Well, needless to say, I had to call my friend and cow-orker (same municipality) the police chief and discuss my dilemma. He suggested that I go down to the sheriff department and “fess up”, er, explain the snafu. Well, I stopped first at the tv station that aired the report and talked with another friend, the news director, and he told the chief reporter to issue a retraction, which they did at least twice the next day, apologizing and explaining that I was a victim, not a perp.
I then went to the sheriff’s jail and was shown the 18-year-old guy from Florida. He had, perhaps while being waterboarded, “confessed” that the tag on his stolen Cadillac was owned or provided by his “accomplice”, whose name (mine), somehow got mentioned during the process as being the tag owner and got into a news release.

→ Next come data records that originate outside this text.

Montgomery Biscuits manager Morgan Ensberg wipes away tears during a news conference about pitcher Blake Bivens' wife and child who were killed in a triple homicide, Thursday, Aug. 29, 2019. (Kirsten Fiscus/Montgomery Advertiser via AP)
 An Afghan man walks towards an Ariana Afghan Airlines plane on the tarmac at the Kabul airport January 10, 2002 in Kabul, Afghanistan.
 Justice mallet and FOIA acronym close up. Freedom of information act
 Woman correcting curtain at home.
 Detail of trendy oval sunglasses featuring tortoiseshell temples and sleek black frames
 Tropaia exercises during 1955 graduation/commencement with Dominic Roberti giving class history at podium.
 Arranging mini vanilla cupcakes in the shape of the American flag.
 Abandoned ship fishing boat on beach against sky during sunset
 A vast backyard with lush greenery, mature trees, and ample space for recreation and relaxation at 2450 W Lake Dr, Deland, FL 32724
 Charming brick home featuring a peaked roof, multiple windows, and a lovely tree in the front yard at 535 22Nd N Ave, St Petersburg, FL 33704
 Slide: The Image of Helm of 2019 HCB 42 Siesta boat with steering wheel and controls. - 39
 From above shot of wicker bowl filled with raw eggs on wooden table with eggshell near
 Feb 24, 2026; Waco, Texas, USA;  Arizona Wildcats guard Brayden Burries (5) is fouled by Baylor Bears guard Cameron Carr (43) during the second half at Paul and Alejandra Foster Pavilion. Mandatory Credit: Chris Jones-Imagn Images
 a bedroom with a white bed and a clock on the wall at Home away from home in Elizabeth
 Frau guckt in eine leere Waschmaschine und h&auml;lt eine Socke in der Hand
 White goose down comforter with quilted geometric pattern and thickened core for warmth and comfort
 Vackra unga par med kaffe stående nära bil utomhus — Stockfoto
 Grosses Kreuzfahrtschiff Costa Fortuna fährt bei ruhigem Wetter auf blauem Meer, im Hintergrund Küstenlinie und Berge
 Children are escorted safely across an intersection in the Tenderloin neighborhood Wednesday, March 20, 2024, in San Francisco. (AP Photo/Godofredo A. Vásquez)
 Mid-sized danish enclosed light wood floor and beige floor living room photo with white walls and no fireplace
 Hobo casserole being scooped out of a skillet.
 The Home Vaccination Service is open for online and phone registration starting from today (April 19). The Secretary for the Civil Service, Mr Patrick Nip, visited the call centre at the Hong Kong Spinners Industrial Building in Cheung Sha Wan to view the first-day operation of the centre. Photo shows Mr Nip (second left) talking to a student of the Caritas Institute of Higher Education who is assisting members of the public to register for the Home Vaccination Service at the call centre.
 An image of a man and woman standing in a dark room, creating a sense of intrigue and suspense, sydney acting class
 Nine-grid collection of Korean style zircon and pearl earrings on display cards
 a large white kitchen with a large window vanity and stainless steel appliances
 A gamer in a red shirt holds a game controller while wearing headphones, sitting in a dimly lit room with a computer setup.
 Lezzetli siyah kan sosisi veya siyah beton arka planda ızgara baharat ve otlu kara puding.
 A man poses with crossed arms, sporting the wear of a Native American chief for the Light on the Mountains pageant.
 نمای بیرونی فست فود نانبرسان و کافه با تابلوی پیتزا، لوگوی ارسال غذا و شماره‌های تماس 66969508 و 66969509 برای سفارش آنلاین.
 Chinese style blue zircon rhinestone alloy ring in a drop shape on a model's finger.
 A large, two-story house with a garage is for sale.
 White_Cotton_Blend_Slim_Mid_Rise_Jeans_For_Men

In a visit to the other tv station I found that they had not reported my name, nor had the newspapers. Some cow-orkers did look at me strangely for a few days, but there were no lasting fallouts. I was subpoenaed to appear at the kid’s trial at which I did not have to testify and at which he got a 6 year sentence. I never followed up to see if and how long he served.
I’m reminded of a friend back in Albuquerque who drove an old VW bus. He had the required New Mexico tag on one end, whichever end was required, but kept his old Colorado plate on the other end! I questioned the legality of that, but he said what cop is going to look at both ends?
Washington DC has just announced that from now on, all police calls are to go through 911:
911 and 311
[from Diane Groomes, Ass’t Chief of Police]
I met with the Office of Unified Communications last Friday and it has been discussed that ALL POLICE RELATED CALLS MUST BE CALLED INTO 911. 311 will now be used for the Mayor’s Customer Service Requests [Ed. note - formerly 727-1000].
911 – all police matters – emergency and non emergency - fires, ambulance
311 - all other governmental agency requests/city services – cars towed, streetlights replaced, streets repaired, animal issues, abandoned vehicles, trees trimmed, trash pickups, etc.
DIANE C GROOMES
Assistant Chief of Police
Patrol Services and School Security Bureau
Metropolitan Police Department
801 Shepherd St NW
202 576-6660 office
202-996-3386 pager
diane.groomes@dc.gov
I have license plates all over my inner garage walls, too, but I didn’t steal them. They’re expired.
You could have stolen them and THEN they expired.
W.T.F? So, now you’re complaining that the deviants didn’t follow your twisted logic and fucked with your car instead?